Lahat – Warga Desa Karang Dalam, Kecamatan Pulau Pinang, Kabupaten Lahat, Sumatera Selatan, digegerkan oleh aksi kriminalitas yang sangat keji. Siti Anawati (60), ditemukan tewas mengenaskan setelah menjadi korban pembunuhan dan mutilasi yang dilakukan oleh anak kandungnya sendiri.
Peristiwa ini terungkap setelah pihak kepolisian melakukan penyelidikan mendalam. Jasad korban ditemukan dalam kondisi yang sangat tidak manusiawi:
Mutilasi: Tubuh korban dipotong menjadi beberapa bagian.
Upaya Penghilangan Jejak: Pelaku sempat membakar sebagian tubuh korban sebelum memasukkannya ke dalam tiga karung plastik.

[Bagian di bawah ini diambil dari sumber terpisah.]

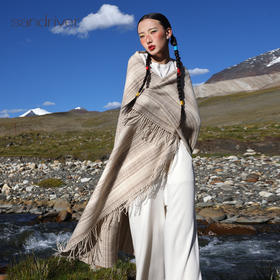 sandriver西藏手工艺氆氇羊绒披肩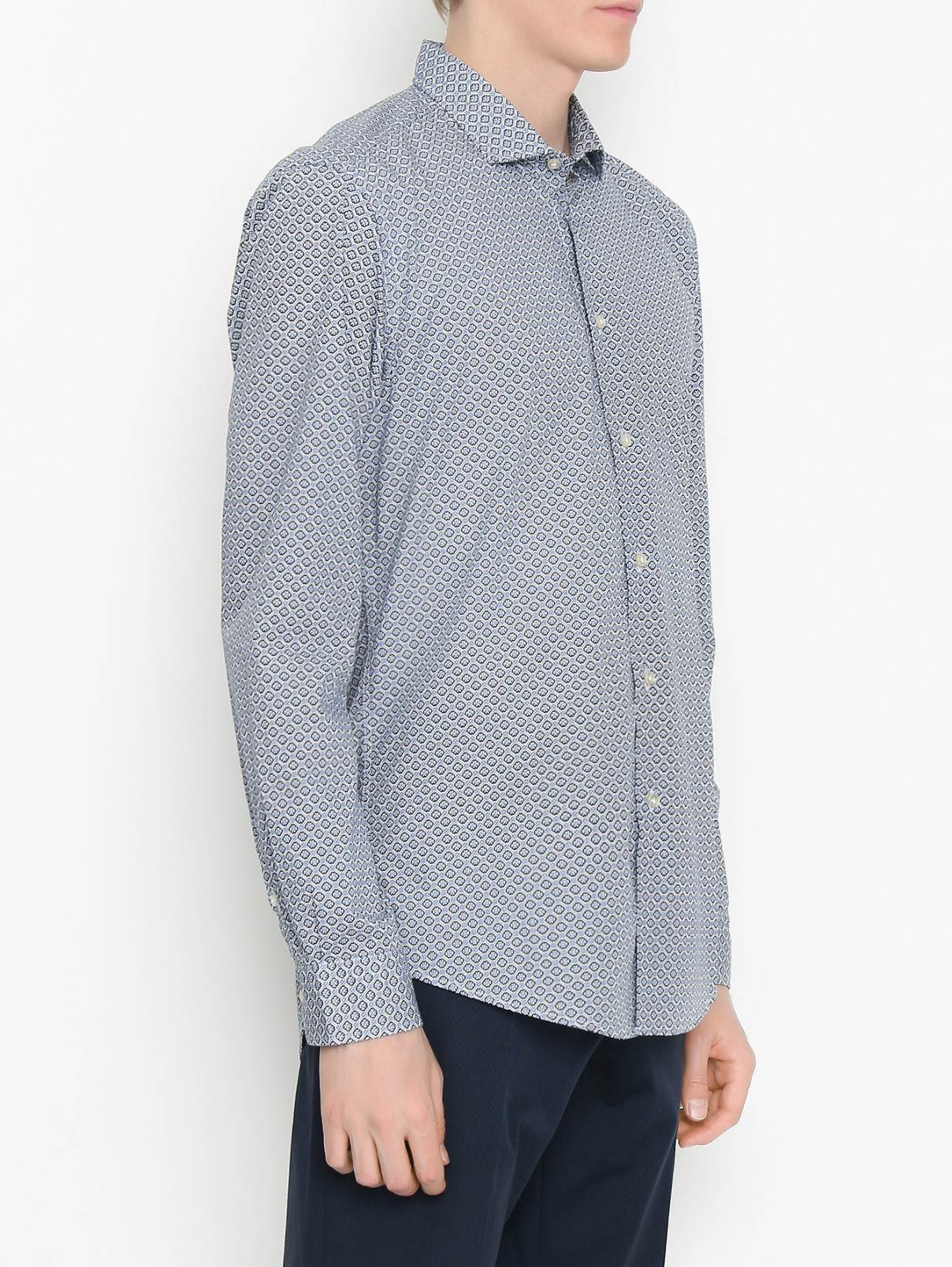 Рубашка из хлопка с узором Brian Dales  –  МодельВерхНиз  – Цвет:  Узор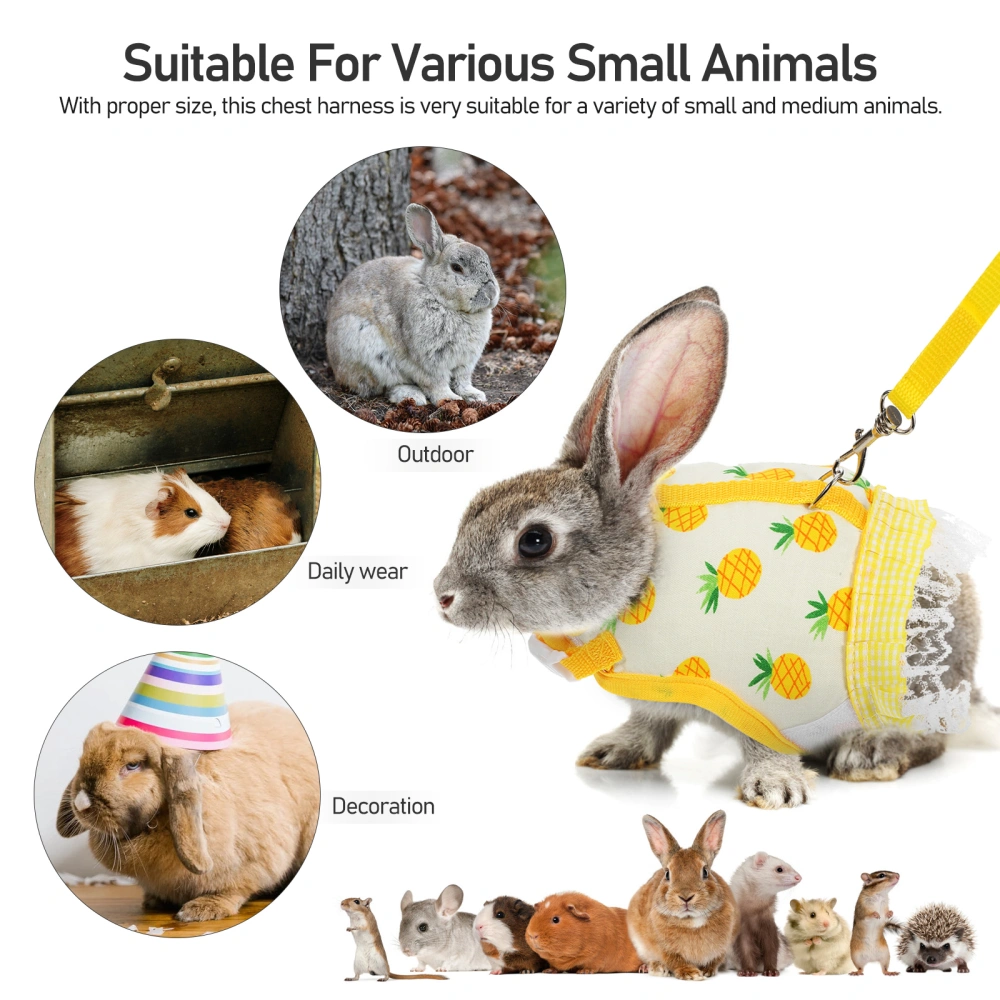 Small Animal Harness Vest Leash Set Cute Pineapple Pattern Breathable Chest Harness for Rabbits Guinea Pigs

Penangkapan: Pelaku diringkus tanpa perlawanan di rumah kontrakannya yang berlokasi tidak jauh dari kediaman korban.
Berdasarkan pemeriksaan awal, motif di balik aksi sadis ini bukan disebabkan oleh dendam lama, melainkan ketergantungan akut terhadap judi online jenis slot.
Pelaku mengaku nekat menghabisi nyawa ibunya karena tekanan ekonomi dan kekalahan beruntun. Setelah membunuh korban, pelaku menggasak perhiasan emas seberat 13 gram senilai kurang lebih Rp24 juta. Uang hasil penjualan emas tersebut digunakan pelaku untuk modal bermain judi slot.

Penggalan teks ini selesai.